((

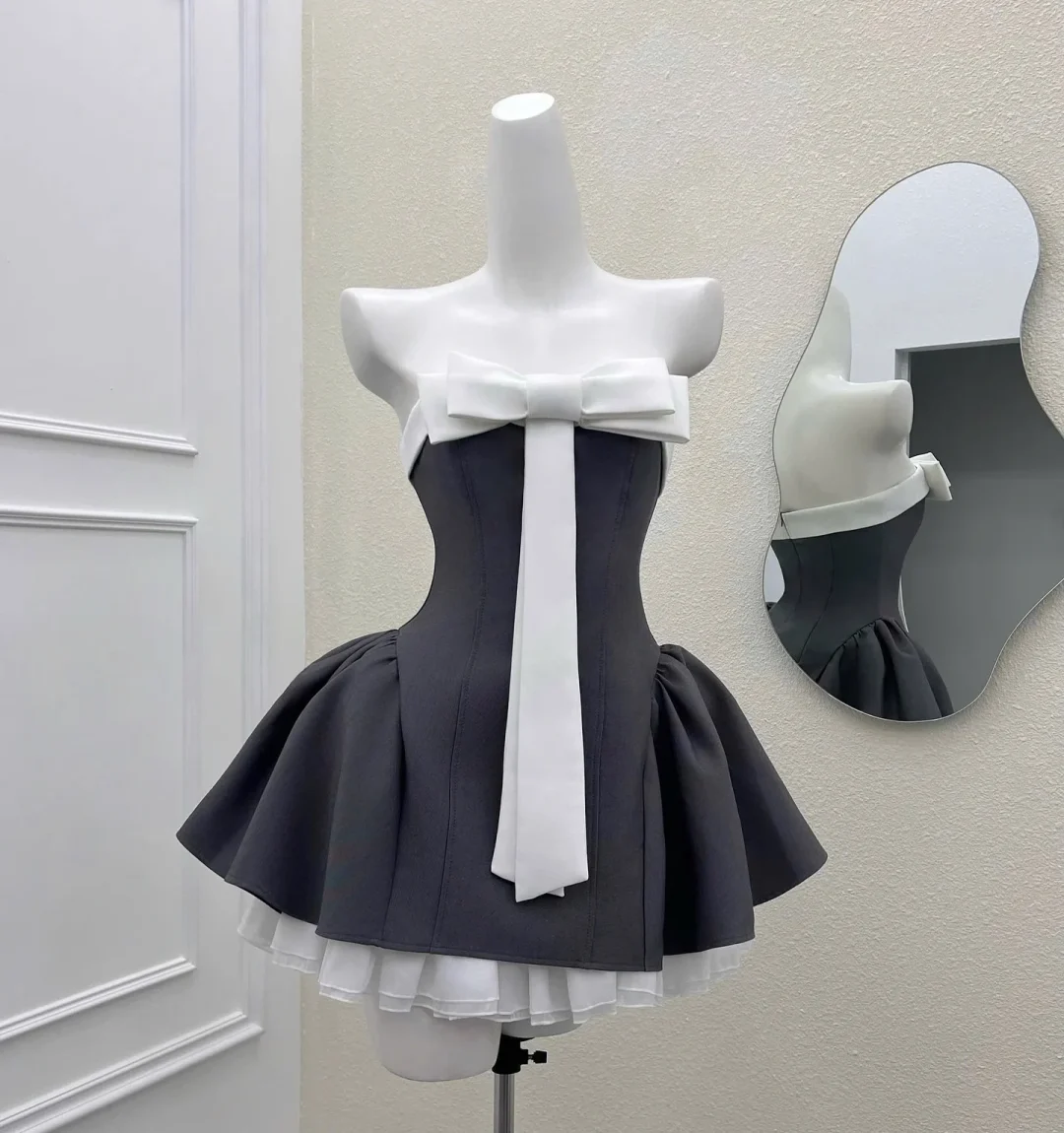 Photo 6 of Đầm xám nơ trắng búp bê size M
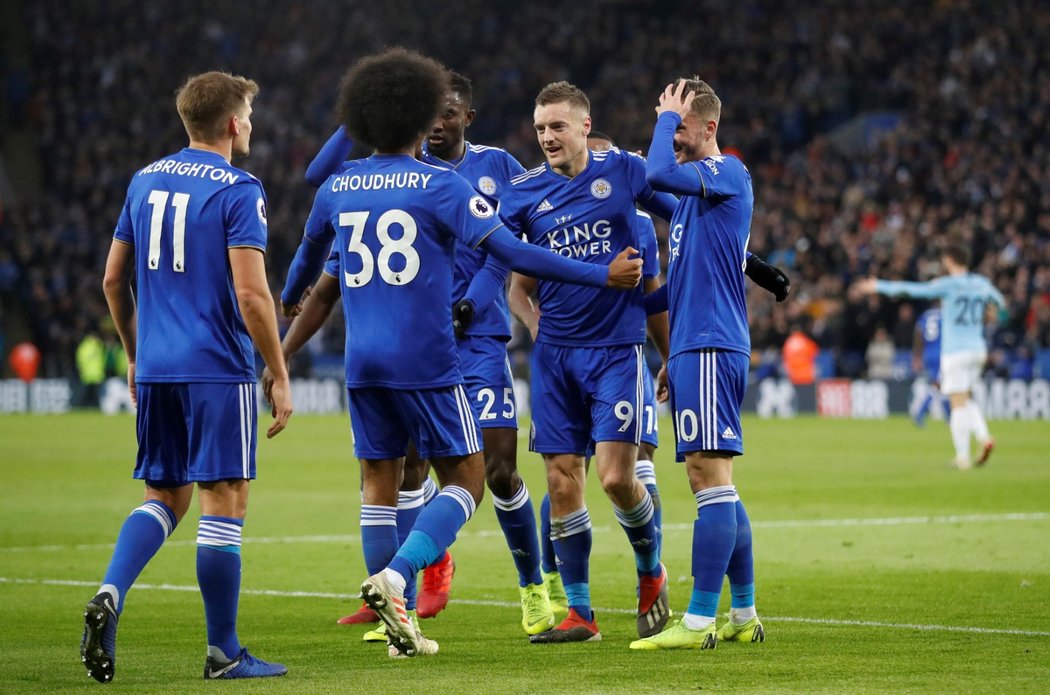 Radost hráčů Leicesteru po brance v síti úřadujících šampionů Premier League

))
((

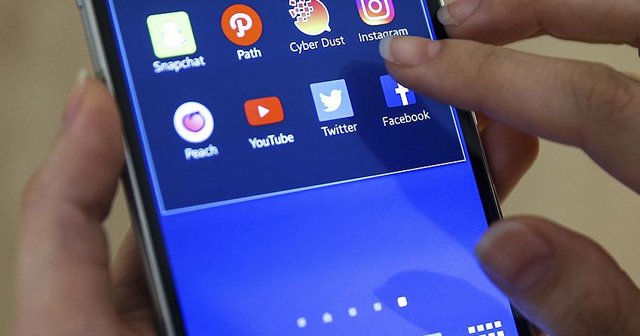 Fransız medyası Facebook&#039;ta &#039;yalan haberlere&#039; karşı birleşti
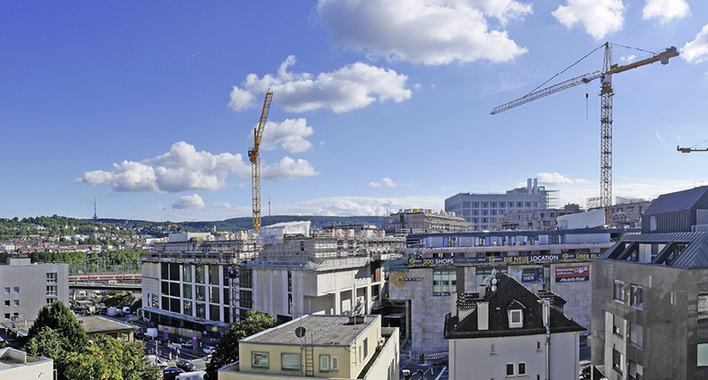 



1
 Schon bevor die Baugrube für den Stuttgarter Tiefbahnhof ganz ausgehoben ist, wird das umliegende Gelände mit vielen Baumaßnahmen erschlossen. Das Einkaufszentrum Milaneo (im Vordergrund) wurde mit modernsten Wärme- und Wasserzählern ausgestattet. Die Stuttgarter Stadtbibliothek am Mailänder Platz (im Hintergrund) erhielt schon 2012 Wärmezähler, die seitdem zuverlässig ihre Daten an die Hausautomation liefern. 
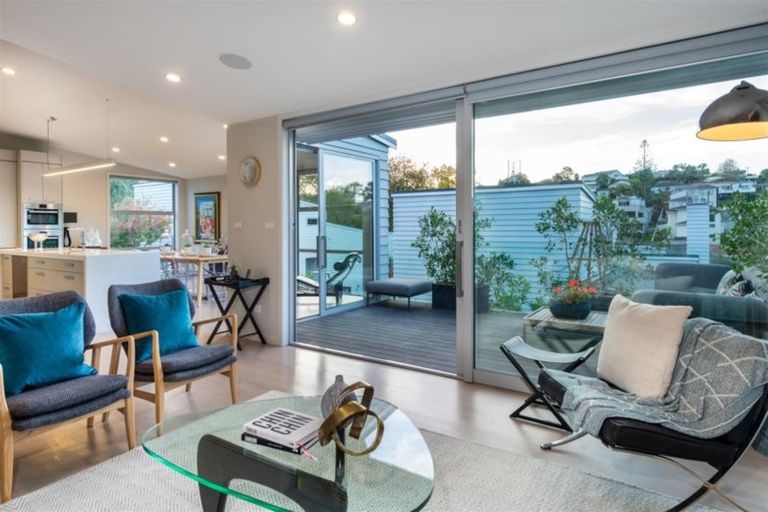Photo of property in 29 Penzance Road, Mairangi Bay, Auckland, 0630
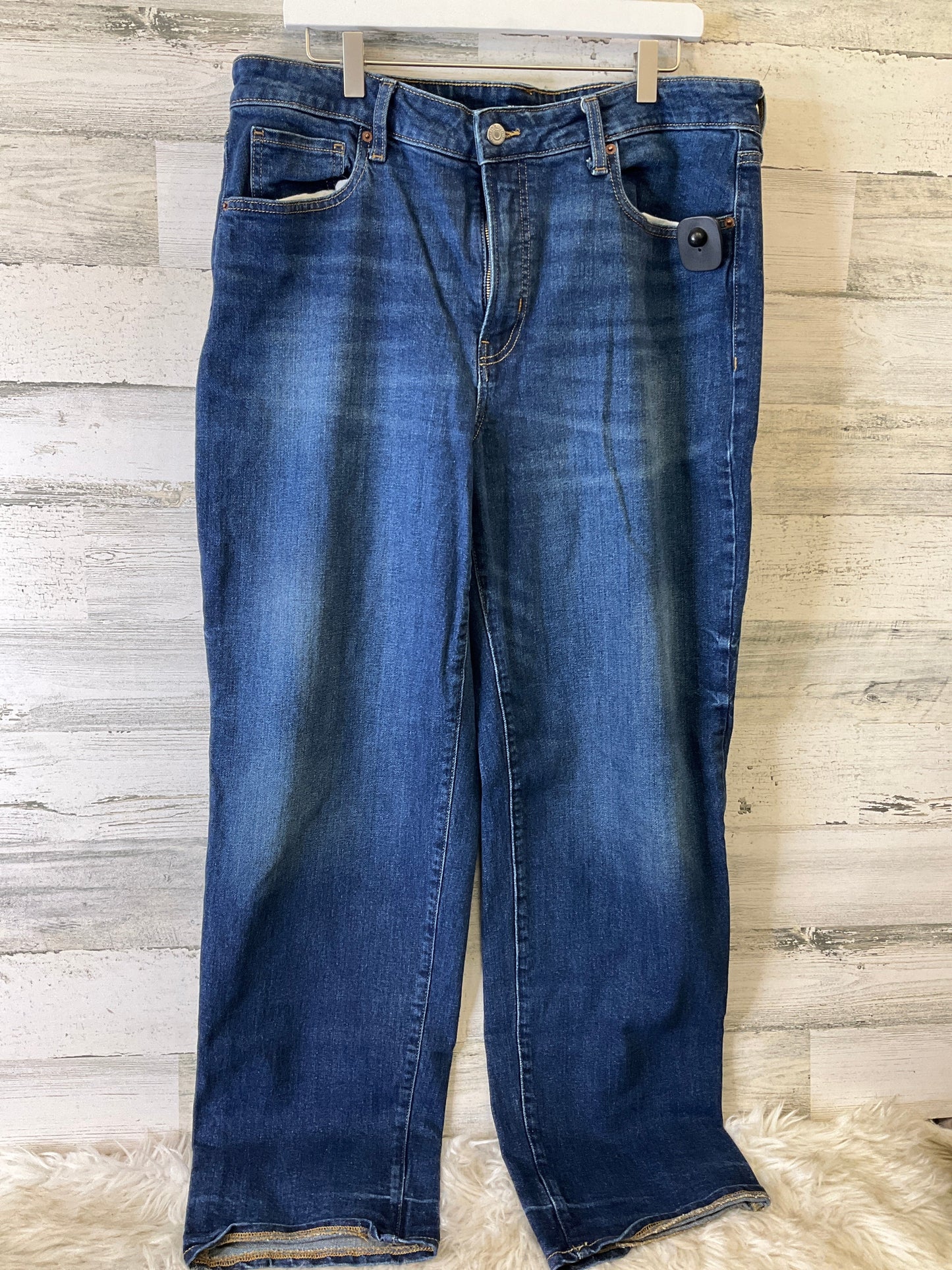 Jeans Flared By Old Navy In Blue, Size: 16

))
((

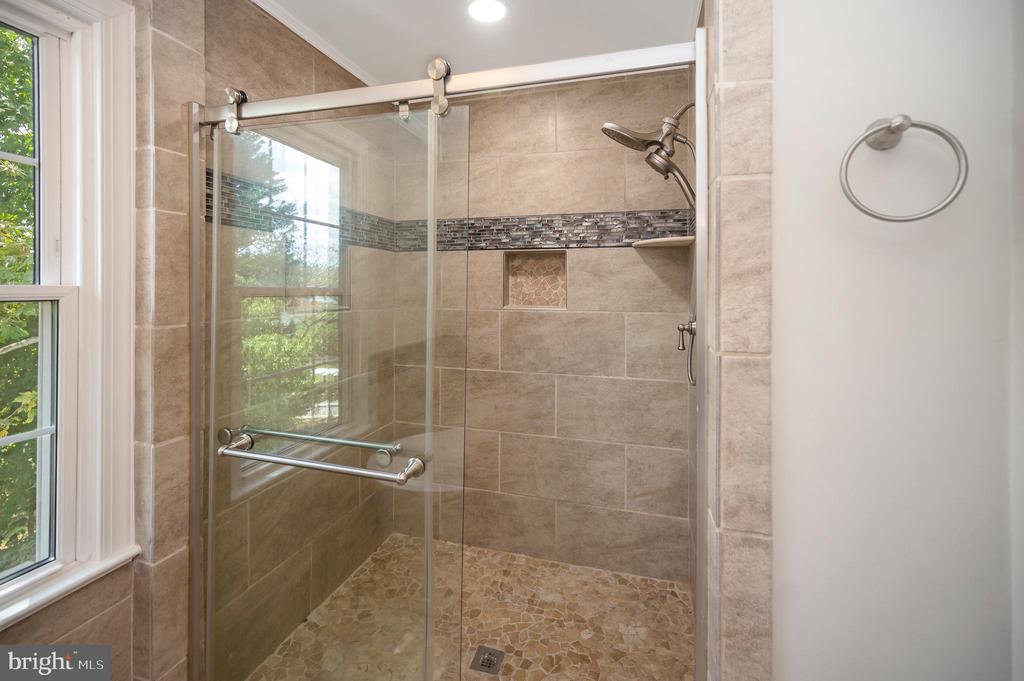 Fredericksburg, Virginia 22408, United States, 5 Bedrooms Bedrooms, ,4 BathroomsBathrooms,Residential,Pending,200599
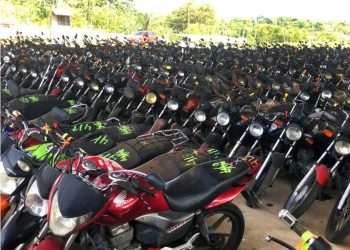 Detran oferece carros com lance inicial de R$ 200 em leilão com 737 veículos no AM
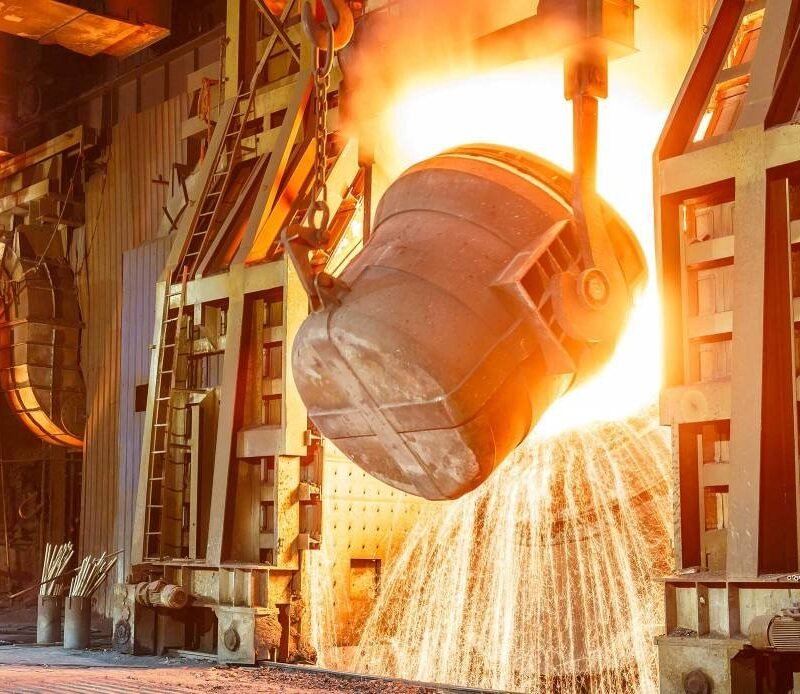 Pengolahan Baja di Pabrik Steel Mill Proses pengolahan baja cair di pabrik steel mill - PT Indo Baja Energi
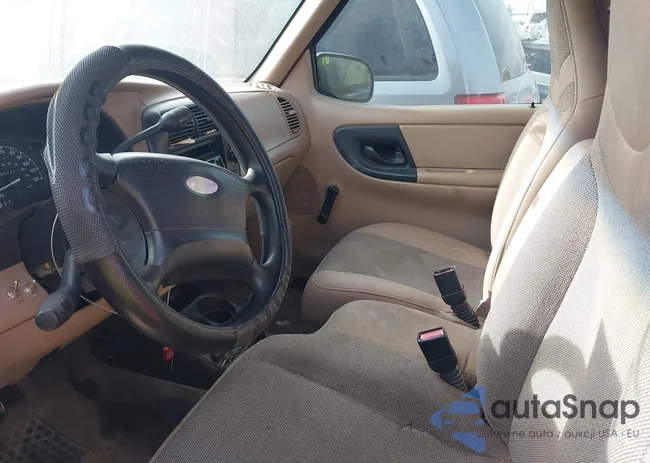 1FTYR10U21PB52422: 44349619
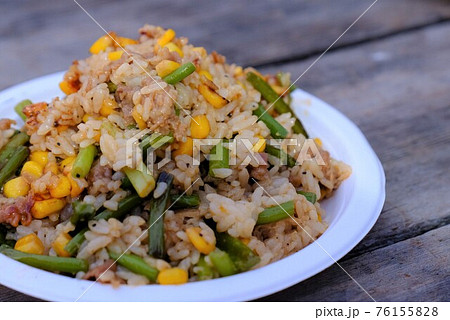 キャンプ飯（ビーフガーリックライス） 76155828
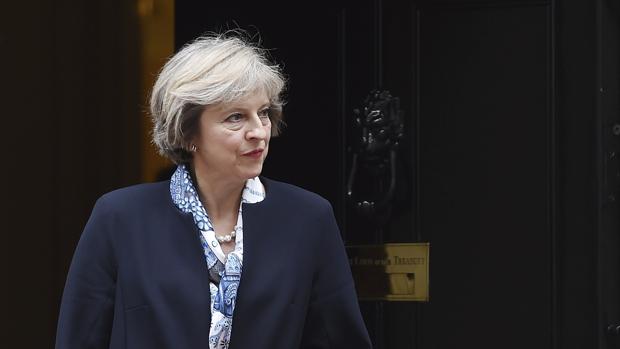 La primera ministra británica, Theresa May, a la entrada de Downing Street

))

TASK TO CARRY OUT:
Each line between the one holding "キャンプ飯（ビーフガーリックライス） 76155828" and the one holding "La primera ministra", inclusive, should be copied exactly as it appears above, and pictures should be omitted.

YOUR SOLUTION:
 キャンプ飯（ビーフガーリックライス） 76155828
 La primera ministra británica, Theresa May, a la entrada de Downing Street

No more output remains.